Apesar de o setor de serviços ser o maior gerador de riquezas do país, lá fora o forte do Brasil ainda é o agribusiness. Portanto, é natural que os esforços do governo se concentrem nesse assunto durante as negociações internacionais. O problema é que, enquanto isso,  os  serviços deixam  de ter prioridade dentro da política comercial brasileira.

"O setor de serviços se transformou em moeda de troca para o governo negociar o que interessa para ele, que é agricultura", diz Mário Marconini, presidente do conselho de relações internacionais da Fecomercio-SP. "O fato de o Brasil ser um grande exportador de commodities agrícolas não o impede de desenvolver uma política também para a promoção de serviços", diz.

O consultor da Prospectiva lembra, ainda, que o comércio de serviços é difícil de ser mensurado - ao contrário do comércio de produtos, que é físico e precisa passar pela alfândega. "Como muitos serviços são virtuais, ou seja, prestados via computador, fica complicado ter uma avaliação correta sobre o tamanho desse mercado e o que precisa ser feito para melhorá-lo", diz.

Para os Estados Unidos - a maior potência mundial em prestação de serviços - o assunto é prioridade no âmbito da OMC. Com a ajuda da Coalition of Service Industries (espécie de Fiesp, só que voltada para serviços), o governo americano não apenas ouve a demanda do empresariado, como também é quem mais pressiona os países em desenvolvimento por uma maior abertura. "Frente a essa pressão, é extremamente importante que o Brasil tenha uma posição bem definida e estudada", diz Mendes.

Vantajoso, de qualquer forma

Pelo menos a barreira mais difícil o governo já superou: admitir que a abertura do setor de serviços só traz vantagens à economia local. Exemplo clássico é a privatização do sistema de telefonia. São poucas as atividades onde o governo ainda detém o monopólio. Uma exceção é o transporte de cabotagem, que não à toa é um dos gargalos da infra-estrutura do país. Outro exemplo é o de resseguros, ainda dominado pelo governo através do Instituto de Resseguros do Brasil (IRB).

"Existem estudos de caso provando que a abertura do setor de serviços gera competitividade, levando ao desenvolvimento de toda a economia. Até mesmo a exportação de produtos agrícolas poderia ser beneficiada, ainda que indiretamente", diz o consultor da Prospectiva.

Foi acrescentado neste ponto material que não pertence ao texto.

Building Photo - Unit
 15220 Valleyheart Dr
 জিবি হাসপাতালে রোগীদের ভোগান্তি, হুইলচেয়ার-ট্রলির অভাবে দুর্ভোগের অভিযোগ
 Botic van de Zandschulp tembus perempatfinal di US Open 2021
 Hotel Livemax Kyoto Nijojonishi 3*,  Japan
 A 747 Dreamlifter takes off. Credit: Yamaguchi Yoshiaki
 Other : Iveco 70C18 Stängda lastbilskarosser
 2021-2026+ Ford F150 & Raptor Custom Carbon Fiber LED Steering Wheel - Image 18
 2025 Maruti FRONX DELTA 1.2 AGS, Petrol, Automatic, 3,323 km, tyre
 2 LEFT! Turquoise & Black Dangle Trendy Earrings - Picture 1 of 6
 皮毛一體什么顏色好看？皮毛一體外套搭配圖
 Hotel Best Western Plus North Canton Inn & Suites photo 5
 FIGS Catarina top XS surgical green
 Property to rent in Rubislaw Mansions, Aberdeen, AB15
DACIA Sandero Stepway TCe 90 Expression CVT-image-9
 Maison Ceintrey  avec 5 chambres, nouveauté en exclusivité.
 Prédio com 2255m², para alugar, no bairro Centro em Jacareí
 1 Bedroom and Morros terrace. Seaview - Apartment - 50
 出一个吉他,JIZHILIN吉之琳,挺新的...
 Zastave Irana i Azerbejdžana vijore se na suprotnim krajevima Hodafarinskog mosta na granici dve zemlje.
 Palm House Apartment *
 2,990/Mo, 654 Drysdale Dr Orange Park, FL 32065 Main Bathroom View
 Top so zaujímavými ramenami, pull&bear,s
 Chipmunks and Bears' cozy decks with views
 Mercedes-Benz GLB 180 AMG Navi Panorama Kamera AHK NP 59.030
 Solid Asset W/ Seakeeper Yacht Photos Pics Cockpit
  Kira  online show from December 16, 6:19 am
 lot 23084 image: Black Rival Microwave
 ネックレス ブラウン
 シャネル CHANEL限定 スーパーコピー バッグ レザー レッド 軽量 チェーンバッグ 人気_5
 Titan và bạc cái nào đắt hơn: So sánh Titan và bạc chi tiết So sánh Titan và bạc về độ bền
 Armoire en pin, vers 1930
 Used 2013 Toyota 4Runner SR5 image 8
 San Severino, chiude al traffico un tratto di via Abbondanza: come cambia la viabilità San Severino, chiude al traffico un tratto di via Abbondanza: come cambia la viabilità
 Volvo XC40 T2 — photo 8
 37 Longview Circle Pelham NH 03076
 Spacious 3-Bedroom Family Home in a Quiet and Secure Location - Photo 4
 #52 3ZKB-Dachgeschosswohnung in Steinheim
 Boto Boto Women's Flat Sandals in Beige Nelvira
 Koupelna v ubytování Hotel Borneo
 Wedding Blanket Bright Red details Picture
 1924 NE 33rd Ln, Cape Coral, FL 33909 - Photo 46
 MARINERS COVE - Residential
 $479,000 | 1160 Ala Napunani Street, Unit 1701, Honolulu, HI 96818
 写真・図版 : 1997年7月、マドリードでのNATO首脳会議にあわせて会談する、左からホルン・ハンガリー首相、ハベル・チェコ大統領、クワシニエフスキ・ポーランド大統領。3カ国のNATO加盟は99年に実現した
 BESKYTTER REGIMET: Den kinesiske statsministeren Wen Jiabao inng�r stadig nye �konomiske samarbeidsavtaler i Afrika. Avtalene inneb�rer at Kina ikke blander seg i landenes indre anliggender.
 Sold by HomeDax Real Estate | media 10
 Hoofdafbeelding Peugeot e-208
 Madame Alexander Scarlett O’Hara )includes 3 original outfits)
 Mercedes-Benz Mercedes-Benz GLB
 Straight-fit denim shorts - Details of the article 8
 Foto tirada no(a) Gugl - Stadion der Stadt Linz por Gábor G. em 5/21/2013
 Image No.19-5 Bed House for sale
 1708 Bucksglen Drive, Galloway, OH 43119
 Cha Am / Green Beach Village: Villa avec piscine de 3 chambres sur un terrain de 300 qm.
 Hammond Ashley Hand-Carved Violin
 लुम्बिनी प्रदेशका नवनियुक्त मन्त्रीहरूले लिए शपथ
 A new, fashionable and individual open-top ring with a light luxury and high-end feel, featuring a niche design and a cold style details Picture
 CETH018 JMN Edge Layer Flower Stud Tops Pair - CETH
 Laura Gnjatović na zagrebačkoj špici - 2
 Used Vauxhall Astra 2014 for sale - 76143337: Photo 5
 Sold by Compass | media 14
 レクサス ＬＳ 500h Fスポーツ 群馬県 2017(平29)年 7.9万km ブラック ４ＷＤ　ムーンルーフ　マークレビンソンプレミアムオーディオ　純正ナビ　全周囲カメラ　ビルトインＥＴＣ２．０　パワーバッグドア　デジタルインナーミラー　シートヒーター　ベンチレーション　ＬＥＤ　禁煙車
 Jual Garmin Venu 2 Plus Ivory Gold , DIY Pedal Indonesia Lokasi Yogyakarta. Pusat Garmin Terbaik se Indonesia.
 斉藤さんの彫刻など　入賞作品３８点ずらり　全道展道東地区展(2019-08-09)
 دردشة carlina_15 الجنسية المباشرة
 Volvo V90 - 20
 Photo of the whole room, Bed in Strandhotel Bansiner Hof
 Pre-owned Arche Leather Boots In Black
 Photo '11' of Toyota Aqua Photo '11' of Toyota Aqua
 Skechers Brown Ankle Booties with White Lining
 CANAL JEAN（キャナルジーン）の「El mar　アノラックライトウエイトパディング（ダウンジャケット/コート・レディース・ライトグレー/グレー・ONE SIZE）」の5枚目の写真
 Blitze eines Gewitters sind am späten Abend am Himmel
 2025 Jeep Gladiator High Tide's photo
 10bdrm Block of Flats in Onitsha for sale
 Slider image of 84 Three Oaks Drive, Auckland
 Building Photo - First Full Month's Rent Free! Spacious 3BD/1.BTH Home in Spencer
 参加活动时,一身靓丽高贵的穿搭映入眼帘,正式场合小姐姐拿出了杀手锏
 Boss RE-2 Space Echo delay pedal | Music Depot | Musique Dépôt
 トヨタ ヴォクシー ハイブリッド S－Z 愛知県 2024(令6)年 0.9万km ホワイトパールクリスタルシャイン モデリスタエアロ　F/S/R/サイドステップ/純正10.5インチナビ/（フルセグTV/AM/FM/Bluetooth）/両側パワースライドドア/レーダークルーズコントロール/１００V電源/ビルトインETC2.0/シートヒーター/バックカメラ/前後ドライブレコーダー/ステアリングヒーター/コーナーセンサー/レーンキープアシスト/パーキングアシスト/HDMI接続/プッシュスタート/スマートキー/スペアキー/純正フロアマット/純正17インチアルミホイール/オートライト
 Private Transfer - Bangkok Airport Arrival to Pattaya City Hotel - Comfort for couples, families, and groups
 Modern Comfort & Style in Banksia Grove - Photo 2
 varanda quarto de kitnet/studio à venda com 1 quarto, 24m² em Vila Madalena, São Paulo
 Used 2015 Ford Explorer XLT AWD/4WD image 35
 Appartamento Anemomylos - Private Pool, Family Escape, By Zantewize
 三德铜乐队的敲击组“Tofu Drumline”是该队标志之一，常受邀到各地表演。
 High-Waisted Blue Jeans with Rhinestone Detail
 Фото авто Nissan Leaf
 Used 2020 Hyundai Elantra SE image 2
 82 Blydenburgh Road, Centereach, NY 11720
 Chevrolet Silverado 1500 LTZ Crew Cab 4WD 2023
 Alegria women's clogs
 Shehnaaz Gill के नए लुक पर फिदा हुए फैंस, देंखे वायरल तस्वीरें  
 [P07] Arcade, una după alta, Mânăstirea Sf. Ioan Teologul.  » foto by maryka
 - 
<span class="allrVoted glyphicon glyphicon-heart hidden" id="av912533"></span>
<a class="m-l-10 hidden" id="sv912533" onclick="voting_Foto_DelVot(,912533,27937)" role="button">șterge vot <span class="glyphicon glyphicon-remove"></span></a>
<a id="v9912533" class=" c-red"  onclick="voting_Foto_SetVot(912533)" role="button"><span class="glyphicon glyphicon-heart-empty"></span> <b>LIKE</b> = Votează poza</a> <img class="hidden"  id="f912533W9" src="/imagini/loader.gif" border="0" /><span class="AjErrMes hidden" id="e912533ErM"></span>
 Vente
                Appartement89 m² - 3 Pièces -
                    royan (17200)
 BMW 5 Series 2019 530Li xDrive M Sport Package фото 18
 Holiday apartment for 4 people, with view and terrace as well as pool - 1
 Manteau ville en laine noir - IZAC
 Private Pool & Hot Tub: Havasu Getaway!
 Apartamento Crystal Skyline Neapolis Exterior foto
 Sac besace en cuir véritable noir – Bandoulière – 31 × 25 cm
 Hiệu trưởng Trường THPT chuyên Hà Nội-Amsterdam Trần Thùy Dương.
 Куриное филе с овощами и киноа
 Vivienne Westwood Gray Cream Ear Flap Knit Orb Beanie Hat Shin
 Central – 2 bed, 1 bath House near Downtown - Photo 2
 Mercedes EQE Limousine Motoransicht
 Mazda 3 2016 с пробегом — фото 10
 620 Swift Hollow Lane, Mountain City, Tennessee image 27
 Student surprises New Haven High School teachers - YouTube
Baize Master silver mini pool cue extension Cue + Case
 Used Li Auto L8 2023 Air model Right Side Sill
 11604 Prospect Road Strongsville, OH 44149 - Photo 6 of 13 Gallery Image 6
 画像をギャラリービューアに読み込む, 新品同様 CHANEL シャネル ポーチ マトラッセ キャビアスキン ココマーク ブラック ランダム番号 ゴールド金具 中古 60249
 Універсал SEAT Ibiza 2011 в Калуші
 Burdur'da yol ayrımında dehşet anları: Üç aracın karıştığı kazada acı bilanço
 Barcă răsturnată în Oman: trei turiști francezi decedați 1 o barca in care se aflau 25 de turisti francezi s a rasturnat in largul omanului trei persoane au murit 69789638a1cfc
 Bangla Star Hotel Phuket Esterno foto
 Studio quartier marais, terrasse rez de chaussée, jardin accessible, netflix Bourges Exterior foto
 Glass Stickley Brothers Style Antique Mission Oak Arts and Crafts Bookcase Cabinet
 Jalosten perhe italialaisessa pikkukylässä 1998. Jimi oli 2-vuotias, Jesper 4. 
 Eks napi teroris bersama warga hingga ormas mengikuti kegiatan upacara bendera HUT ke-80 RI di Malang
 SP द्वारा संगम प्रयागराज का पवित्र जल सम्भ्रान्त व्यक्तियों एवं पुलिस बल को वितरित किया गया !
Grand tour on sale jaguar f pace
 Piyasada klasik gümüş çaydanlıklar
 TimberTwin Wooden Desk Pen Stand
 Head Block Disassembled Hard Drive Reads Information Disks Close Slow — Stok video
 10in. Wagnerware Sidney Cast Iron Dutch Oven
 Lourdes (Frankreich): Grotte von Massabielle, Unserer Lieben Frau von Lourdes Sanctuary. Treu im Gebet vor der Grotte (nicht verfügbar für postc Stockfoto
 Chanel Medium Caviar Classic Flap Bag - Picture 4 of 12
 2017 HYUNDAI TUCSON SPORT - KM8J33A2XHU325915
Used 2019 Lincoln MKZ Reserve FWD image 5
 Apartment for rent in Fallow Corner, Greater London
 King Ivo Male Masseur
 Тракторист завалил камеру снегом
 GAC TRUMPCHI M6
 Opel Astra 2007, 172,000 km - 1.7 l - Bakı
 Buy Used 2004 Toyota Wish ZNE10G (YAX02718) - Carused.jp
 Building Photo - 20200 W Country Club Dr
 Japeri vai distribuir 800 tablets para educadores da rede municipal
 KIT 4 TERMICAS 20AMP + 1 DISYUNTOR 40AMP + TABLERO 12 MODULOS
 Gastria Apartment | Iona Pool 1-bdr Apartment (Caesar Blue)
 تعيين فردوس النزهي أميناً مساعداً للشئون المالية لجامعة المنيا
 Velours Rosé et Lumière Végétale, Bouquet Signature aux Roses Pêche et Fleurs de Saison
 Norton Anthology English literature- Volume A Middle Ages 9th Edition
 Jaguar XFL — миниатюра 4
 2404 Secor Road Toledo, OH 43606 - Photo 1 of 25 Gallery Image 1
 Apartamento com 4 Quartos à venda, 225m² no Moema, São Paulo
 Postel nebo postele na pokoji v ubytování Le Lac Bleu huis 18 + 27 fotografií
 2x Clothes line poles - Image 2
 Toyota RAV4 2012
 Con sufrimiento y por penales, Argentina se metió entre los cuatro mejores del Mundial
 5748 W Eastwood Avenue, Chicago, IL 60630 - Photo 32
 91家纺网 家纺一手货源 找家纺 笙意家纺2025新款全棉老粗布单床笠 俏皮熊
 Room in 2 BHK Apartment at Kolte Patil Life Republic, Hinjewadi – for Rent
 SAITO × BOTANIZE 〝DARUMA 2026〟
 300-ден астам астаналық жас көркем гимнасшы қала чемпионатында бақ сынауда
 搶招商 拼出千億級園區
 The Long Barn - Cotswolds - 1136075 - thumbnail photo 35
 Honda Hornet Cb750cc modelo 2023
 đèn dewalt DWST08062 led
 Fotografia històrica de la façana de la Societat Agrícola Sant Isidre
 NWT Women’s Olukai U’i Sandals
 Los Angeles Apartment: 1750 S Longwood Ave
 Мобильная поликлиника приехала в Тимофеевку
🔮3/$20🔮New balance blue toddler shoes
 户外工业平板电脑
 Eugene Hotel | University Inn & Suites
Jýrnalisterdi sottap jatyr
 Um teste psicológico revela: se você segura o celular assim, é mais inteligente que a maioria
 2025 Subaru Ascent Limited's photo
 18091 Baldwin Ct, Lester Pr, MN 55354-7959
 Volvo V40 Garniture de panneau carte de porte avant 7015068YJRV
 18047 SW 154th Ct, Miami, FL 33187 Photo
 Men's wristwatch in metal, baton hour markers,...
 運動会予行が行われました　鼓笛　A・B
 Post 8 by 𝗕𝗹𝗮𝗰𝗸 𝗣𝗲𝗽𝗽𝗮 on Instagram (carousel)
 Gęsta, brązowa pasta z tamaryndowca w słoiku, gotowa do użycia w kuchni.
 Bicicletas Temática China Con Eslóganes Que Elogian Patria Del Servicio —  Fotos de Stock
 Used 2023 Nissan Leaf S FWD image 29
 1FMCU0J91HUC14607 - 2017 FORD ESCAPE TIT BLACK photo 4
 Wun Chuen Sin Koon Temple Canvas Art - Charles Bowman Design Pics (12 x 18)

De qualquer forma, o Brasil não é apenas importador de serviços. Apesar de a balança ser deficitária para o país (no ano  passado, a diferença ficou negativa em 8,1 bilhão de dólares), existe potencial para que a economia brasileira se transforme em plataforma de exportações em alguns segmentos onde o país tem vantagem competitiva. Um deles é o de tecnologia da informação. Empresas estrangeiras podem contratar, aqui no Brasil, serviços com qualidade e menor custo.

Na opinião do consultor da Prospectiva, o fato de o Brasil não ter o inglês como língua nativa pode até fazê-lo perder alguns pontos, mas não o tira completamente desse mercado. "Existem diversos outros serviços que são praticamente virtuais. Basta que alguns poucos profissionais falem inglês fluentemente que o restante do trabalho é feito através das máquinas", diz. O ideal, segundo ele, seria que o país tivesse, pelo menos, uma mão-de-obra qualificada para superar o problema da língua, já que a prestação de um serviço de qualidade está bastante ligada à competência dos profissionais envolvidos.